Benar, mereka bukanlah sosok pendakwah yang namanya dikenal di media mana pun. Tapi justru pengaruh sosok kiai desa tidak kalah dibanding pendakwah sohor di tengah masyarakat yang majemuk. Entah dari kalangan atas, menengah, hingga ke bawah, semuanya dirangkul dengan tangan yang sederhana.

Berbekal musala sederhana, tegak dengan papan yang gagah atau tembok yang mulai rapuh, beralaskan tikar, berembus angin masuk melalui celah-celah jendela, seorang kiai desa memainkan perannya di tempat itu untuk berdakwah kepada masyarakat. Menanamkan akidah dan ubudiyah sehari-hari dengan mengkaji kitab kuning sebagai bekal bagi mereka.
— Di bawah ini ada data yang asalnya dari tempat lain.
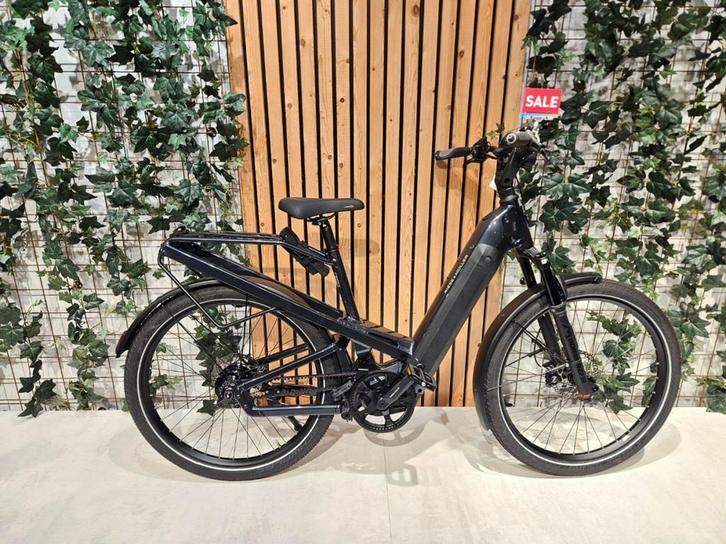Riese & Müller Homage4 GT Rohloff 1250Wh E-bike Dames Deeps, Fietsen en Brommers, Elektrische fietsen, Nieuw, Riese & Müller, 51 tot 55 cm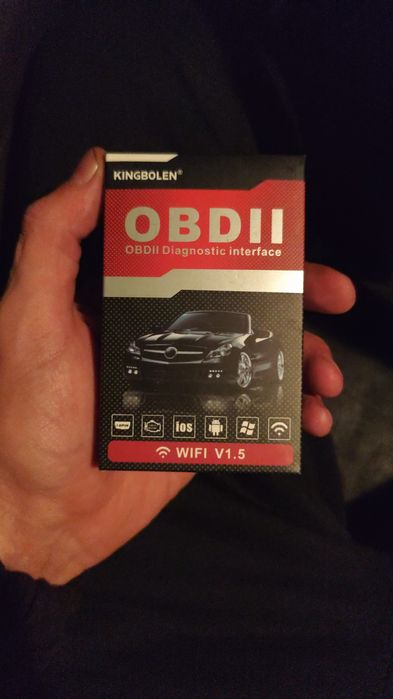 Продам авто сканер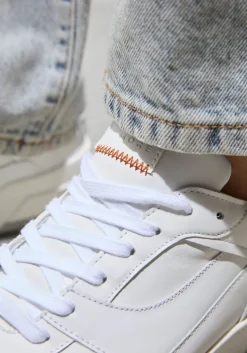 FILMORE te lage sneakers etna wit Best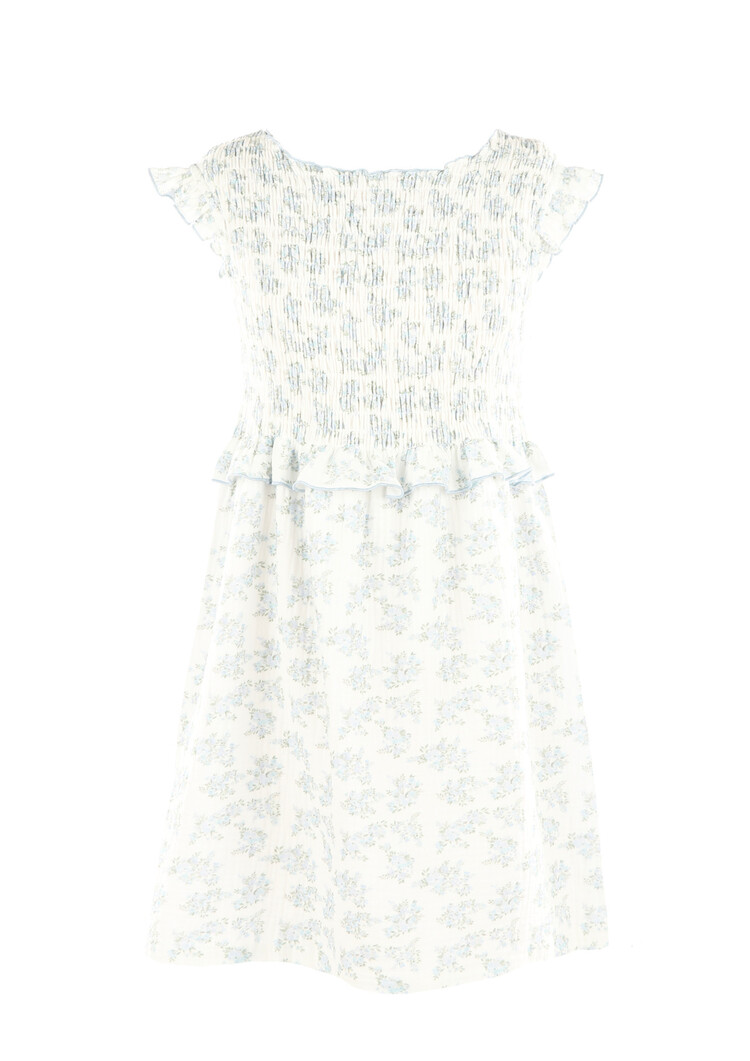 Gabby Blue Hazel Dress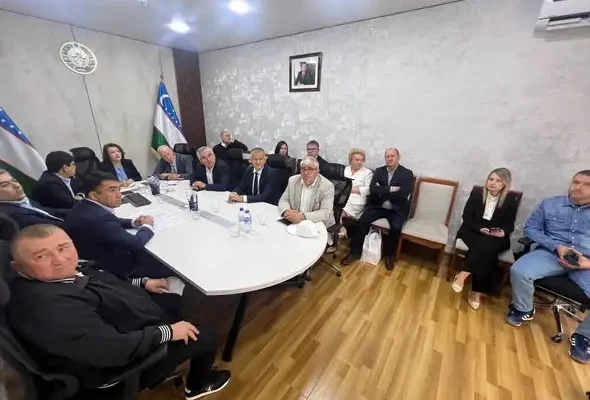 Podlasie nawiązuje współpracę gospodarczą z Uzbekistanem – podpisano memorandum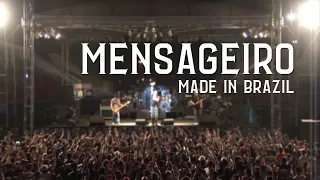 Mensageiro ao vivo - Metal Nobre - DVD Made In Brazil - Manaus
Juga mengajari bacaan Al-Qur’an.
Dengan penuh keikhlasan, tidak jarang sosok kiai desa ini tidak pikir panjang merogoh sakunya untuk membeli suguhan wedang dan jajanan kepada masyarakat yang bersedia mengaji di musala yang sederhana.
Masyarakat seringkali memang harus disogok dengan iming-iming sederhana, semisal segelas kopi, teh, atau gorengan hangat. Kiai desa paham betul, trik semacam itu adalah bentuk pendekatan cerdas supaya mereka mau diajak kepada jalan kebenaran. Melaksanakan ajaran Islam dengan baik dan benar sesuai tuntunan syariat. Membuktikan bahwa Islam rahmatan lil ‘alamin, sosok kiai desa juga berupaya masuk ke dalam kehidupan masyarakat dengan ramah, lemah lembut, dan memberikan perhatian ketika masyarakat sedang mengeluhkan persoalan tertentu.
Tidak sekadar berdakwah ketika pengajian berlangsung. Di luar itu, sosok kiai desa tak jarang ngobrol basa-basi dengan masyarakat selepas pengajian selesai di luar langgar. Ia berusaha masuk ke dalam kehidupan masyarakat untuk menyelipkan dakwah dalam kemasan yang begitu halus, masuk ke dalam relung hati mereka. Dengan kata lain, kiai desa menjelma menjadi living bridge bagi masyarakat. Menjadi jembatan hidup antara ilmu agama dan realitas sehari-hari.